* WHAT THE TASK REQUIRES:
An exact copy of the lines of the listing below between the "A young boy" line and the "unfurnished bedroom with" line, both included, is the whole answer; please omit the pictures.

* DATA LISTING:
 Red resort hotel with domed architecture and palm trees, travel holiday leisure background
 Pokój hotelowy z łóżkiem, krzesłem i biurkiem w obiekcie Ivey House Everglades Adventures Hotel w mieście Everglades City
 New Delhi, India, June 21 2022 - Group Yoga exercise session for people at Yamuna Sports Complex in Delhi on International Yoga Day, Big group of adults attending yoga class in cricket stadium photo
* * *
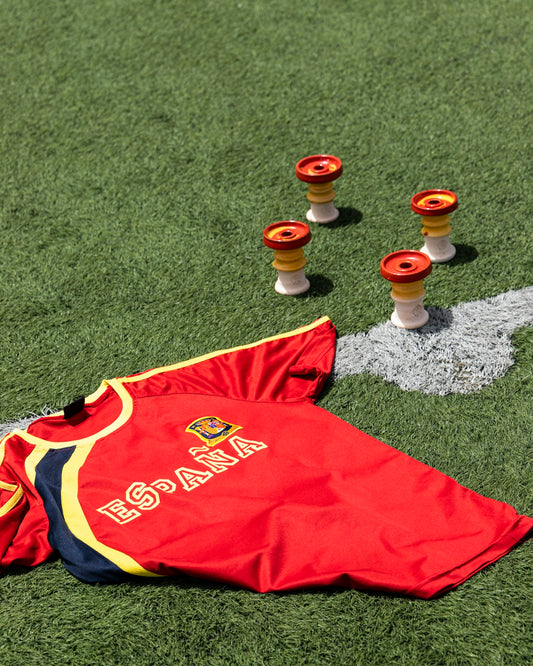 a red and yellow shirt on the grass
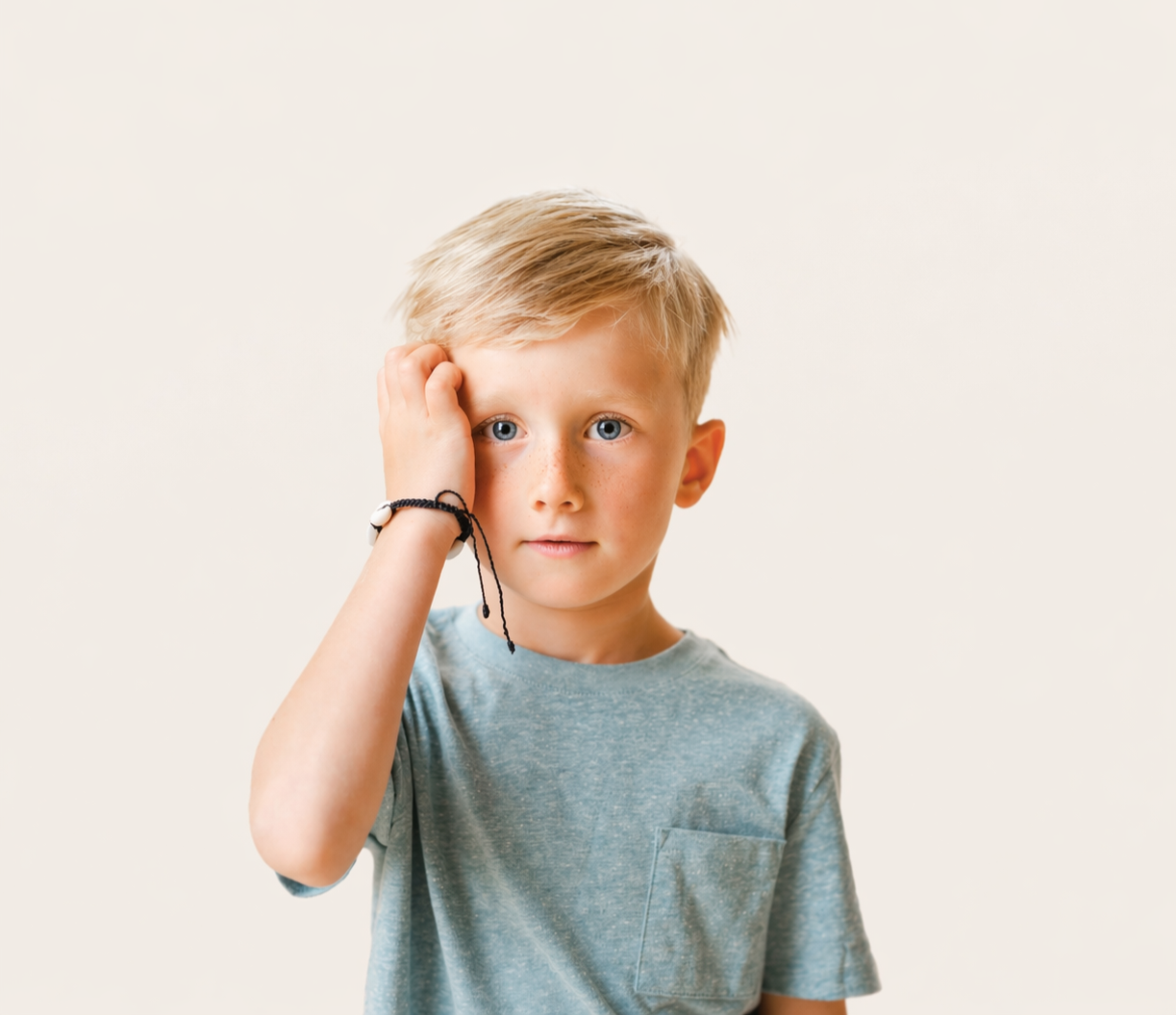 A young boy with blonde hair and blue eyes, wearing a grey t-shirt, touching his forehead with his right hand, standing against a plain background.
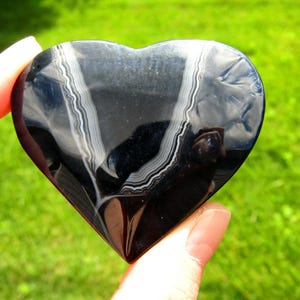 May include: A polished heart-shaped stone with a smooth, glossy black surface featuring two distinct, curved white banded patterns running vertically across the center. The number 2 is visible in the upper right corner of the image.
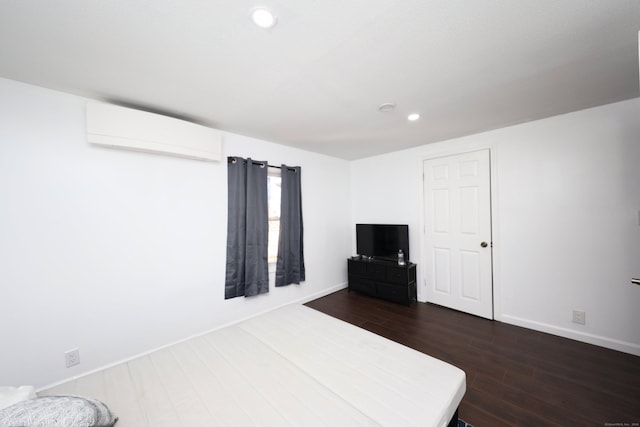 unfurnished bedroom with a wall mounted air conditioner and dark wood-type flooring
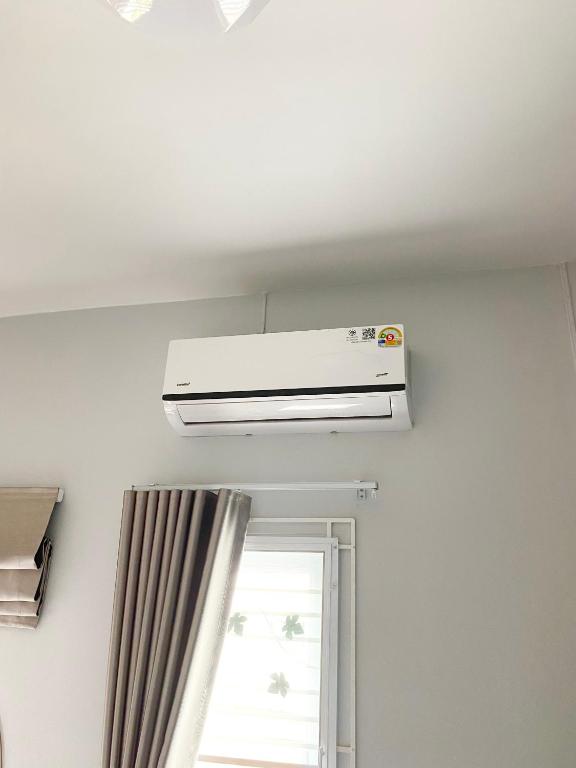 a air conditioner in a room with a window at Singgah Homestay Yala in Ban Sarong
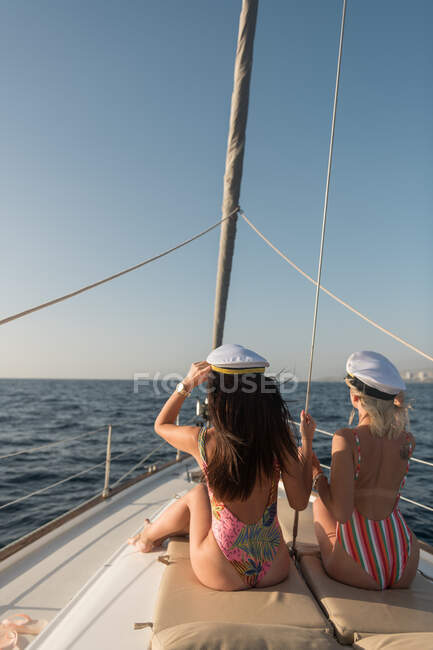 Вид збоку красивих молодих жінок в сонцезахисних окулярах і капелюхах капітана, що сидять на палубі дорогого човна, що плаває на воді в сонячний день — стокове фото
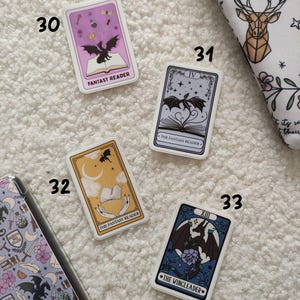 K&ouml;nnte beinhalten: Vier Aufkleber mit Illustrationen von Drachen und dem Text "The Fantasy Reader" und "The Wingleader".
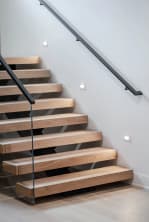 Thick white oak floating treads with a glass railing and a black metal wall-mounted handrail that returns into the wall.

* OUTPUT:
 A young boy with blonde hair and blue eyes, wearing a grey t-shirt, touching his forehead with his right hand, standing against a plain background.
 May include: A polished heart-shaped stone with a smooth, glossy black surface featuring two distinct, curved white banded patterns running vertically across the center. The number 2 is visible in the upper right corner of the image.
 unfurnished bedroom with a wall mounted air conditioner and dark wood-type flooring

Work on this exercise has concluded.